Genis, who served from 1988 to 1996 and won election again Tuesday, hugged city staffers and ducked into offices. Though provisional ballots had not been counted, Genis so far has received the most votes in the eight-way race for three council seats.
Passing the coffee maker — a silver, fully automated Keurig affair — she remarked with a chuckle, "We've come up in the world!"
Of course, getting a K-cup machine isn't the only way City Hall has changed since Genis last sat on the dais. The top vote-earner in Tuesday's election — with 12,496 votes as of 5 p.m. Wednesday — Genis firmly reclaimed a spot on the council after some 16 years, but she and Councilwoman Wendy Leece face a host of new challenges as the likely dissenting voices against a tightly-bound council majority.
"At least I'm not the eye of the storm," she said, leaning against a wall in the council chambers.
The council split currently is 4-1, with Councilmen Gary Monahan, Steve Mensinger and Jim Righeimer and Mayor Eric Bever on one side and Leece on the other. Leece and Genis are expected to vote together on controversial issues, resulting in a 3-2 split.
Before heading to Fair Drive, Genis said in a phone interview that her immediate plans include meeting with city CEO Tom Hatch and her fellow council members — and catching up on sleep and buying more thank-you cards for her supporters.
Her other goals include keeping the city's disaster plan current and checking out the privately run Orange County Humane Society facility in Huntington Beach, which Costa Mesa uses as its animal shelter.
Steve Mensinger's plans
Mensinger, who had earned 11,381 votes as of 5 p.m. Wednesday, making him the second-highest vote-getter, said the centerpiece of his upcoming term will focus on his "Contract with Costa Mesa."

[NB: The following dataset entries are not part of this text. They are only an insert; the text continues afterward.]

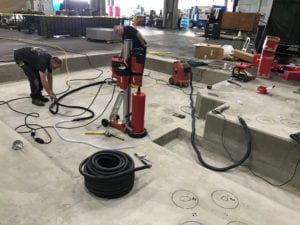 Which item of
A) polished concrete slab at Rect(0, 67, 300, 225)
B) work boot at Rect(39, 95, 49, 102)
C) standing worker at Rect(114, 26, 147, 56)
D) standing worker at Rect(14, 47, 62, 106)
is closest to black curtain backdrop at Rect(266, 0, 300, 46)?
standing worker at Rect(114, 26, 147, 56)

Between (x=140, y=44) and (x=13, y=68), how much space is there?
2799 mm

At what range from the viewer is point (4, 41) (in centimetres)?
773

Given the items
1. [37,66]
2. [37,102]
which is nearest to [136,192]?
[37,66]

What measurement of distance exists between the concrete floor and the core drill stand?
151 mm

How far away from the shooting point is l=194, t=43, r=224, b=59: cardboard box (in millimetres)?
6816

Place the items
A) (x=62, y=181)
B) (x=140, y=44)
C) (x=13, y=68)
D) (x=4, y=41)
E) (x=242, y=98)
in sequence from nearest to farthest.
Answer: (x=62, y=181) → (x=242, y=98) → (x=140, y=44) → (x=13, y=68) → (x=4, y=41)

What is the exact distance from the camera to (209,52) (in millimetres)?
6930

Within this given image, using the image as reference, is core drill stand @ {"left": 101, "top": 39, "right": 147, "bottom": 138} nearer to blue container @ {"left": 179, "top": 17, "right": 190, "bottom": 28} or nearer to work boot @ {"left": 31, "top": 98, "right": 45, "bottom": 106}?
work boot @ {"left": 31, "top": 98, "right": 45, "bottom": 106}

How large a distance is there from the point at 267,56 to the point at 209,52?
82.0 inches

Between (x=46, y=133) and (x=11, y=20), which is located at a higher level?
(x=11, y=20)

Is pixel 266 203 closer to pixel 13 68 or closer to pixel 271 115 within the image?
pixel 271 115

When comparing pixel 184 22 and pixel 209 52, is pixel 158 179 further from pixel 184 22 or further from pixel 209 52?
pixel 184 22

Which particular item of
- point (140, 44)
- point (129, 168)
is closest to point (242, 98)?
point (140, 44)

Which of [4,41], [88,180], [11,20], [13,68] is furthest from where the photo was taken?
[11,20] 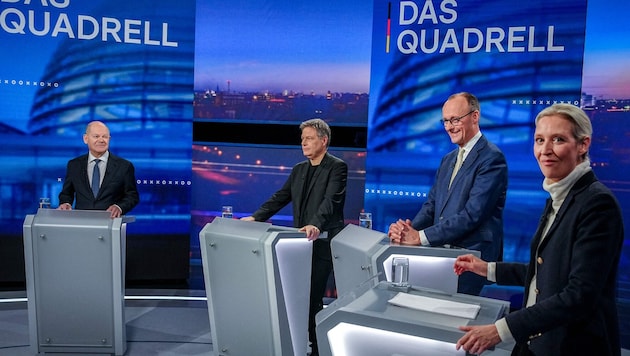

The document includes stated goals of reforming an unsustainable employee pension system, investing in city infrastructure, restructuring the Costa Mesa Fire Department, advocating for transparency in city government and listening to his constituency.
He said he's been less focused on typical adjectives from campaigns and more focused on actually accomplishing goals.
"People who know me know that if I say I'm going to do something, I'm going to do it," he said.
Though Councilman Gary Monahan still was in the lead with the third-most votes Wednesday afternoon, attorney John Stephens — who campaigned alongside Genis — was a close fourth in the race for three open seats.
Monahan had 11,196 votes to Stephens' 10,877 — a difference of 319.
The top three vote-getters will take the three empty seats on the five-member council.